Eisenberg Eisenberg: Gienanth plant Lehrwerkstatt für 1 Million Euro
Es tut sich was bei der Gießerei Gienanth: Das Unternehmen plant eine moderne Lehrwerkstatt auf dem Werksgelände. Künftig sollen die Azubis in den früheren Arbeiterwohnungen mit den praktischen Grundlagen ihrer Berufe vertraut gemacht werden. Dafür werden die unter Denkmalschutz stehenden Wohnungen entkernt. Auf rund 350 Quadratmetern (auch der Bereich der früheren Garagen gegenüber des Herrenhauses gehört dazu) wird die neue Lehrstätte gebaut.

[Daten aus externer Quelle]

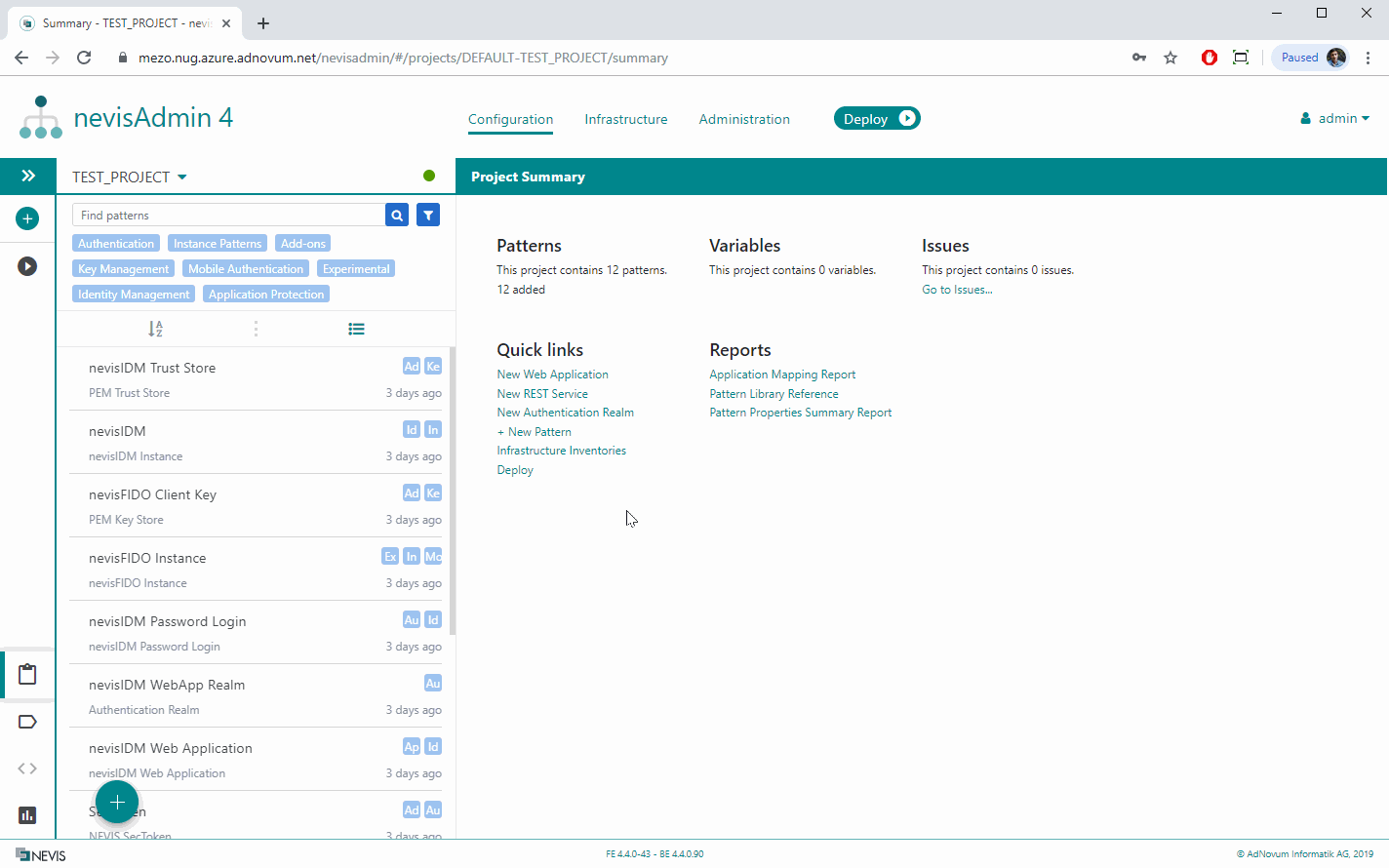 How to configure out-of-band registration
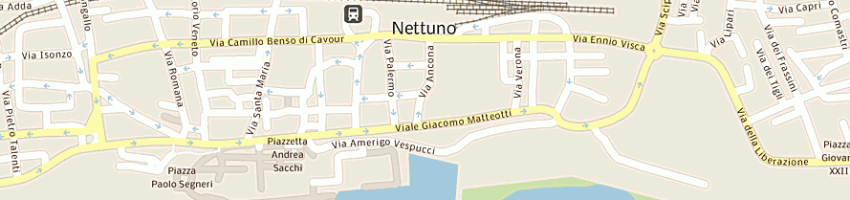 Mappa della impresa chirollo armando a NETTUNO
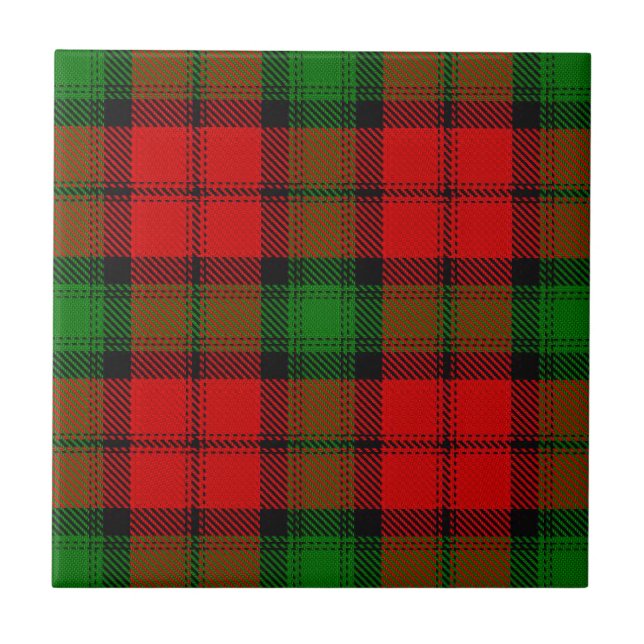 Azulejo De Cerâmica Kerr Tartan (Frente)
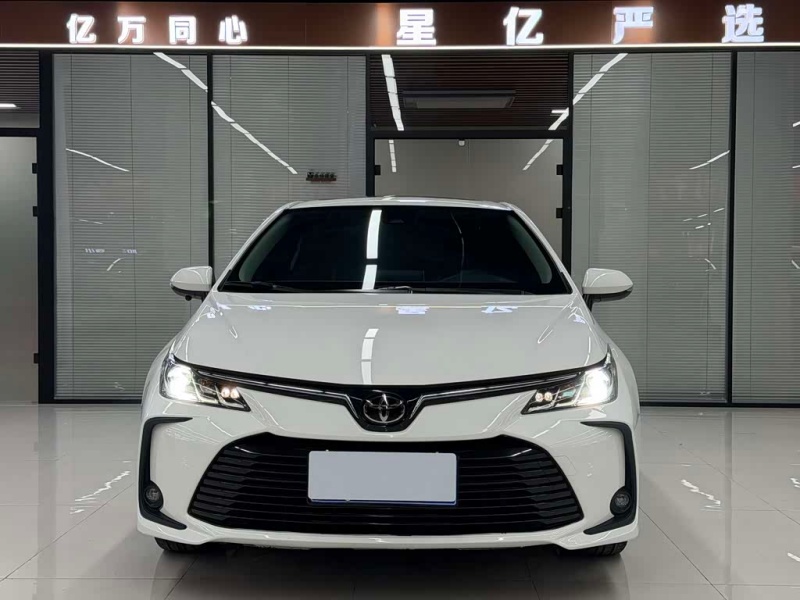 Toyota Corolla 2019 1.2T S-CVT GL-i Elite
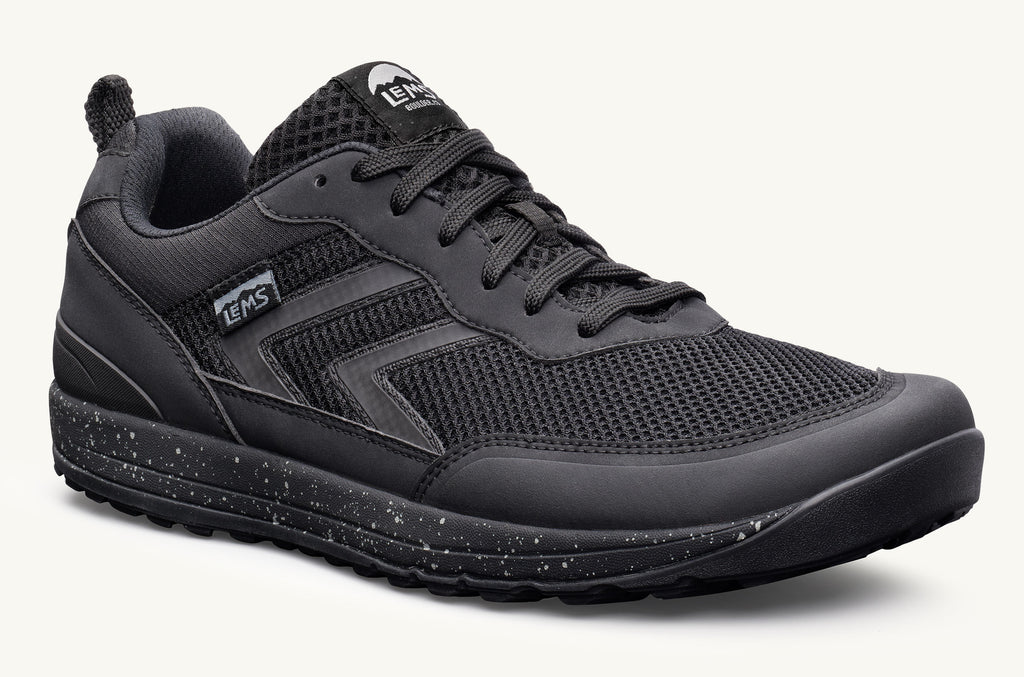 Lems Sneakers Primal Pursuit Herre Sort | EXB2448KJ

„Allerdings drängt die Zeit“, sagt Gienanth-Projektmanager Simon Geib, „denn die gesamte Maßnahme muss bis Ende des Jahres fertig sein.“ Grund: Die benachbarte Firma Oerlikon hat den Mietvertrag mit Gienanth gekündigt, weil die Firma die Räume selbst nutzen möchte. 2007 wurde die Lehrwerkstatt in die Nachbarfirma verlegt, da der bisherige Standort auf dem Gienanth-Werksgelände einer neuen Produktionshalle weichen musste. „Wir warten gespannt auf den roten Punkt der Baubehörde. Erst nach dieser amtlichen Genehmigung können wir mit den eigentlichen Bauarbeiten loslegen“, erläutert Gienanth-Pressesprecherin Miriam Keller. Und weiter: „Wir haben uns bei der Planung mit den zuständigen Stellen, insbesondere mit Landrat Rainer Guth und den Fachabteilungen der Kreisverwaltung, mit der Stadt Eisenberg und auch mit der Landesdenkmalpflege intensiv abgestimmt, um die erforderlichen Genehmigungen kurzfristig zu bekommen.“
Die Gieranth-Gruppe will 2018 sechs Millionen Euro investieren
Der schlimmste Fall träte ein, wenn für die momentan noch ausgelagerte Lehrwerkstatt am Jahresende keine Räumlichkeiten vorhanden wären. Mit der Vorbereitung konnte jedoch bereits begonnen werden. Eine Fachfirma wurde beauftragt, die Häuser zu entrümpeln. Sechs Millionen will die Gienanth-Gruppe in diesem Jahr investieren, allein eine Million Euro davon fließt in das Eisenberger Projekt Lehrwerkstatt, rechnet Simon Geib vor. Der Projektmanager sieht darin „ein starkes Zeichen“ der Unternehmensleitung unter Geschäftsführer Hans-Jürgen Brenninger, die sich damit „ganz klar für die Investition in kommende Generationen und den internen Aufbau dringend benötigter Fachkräfte aus der Region entschieden hat“.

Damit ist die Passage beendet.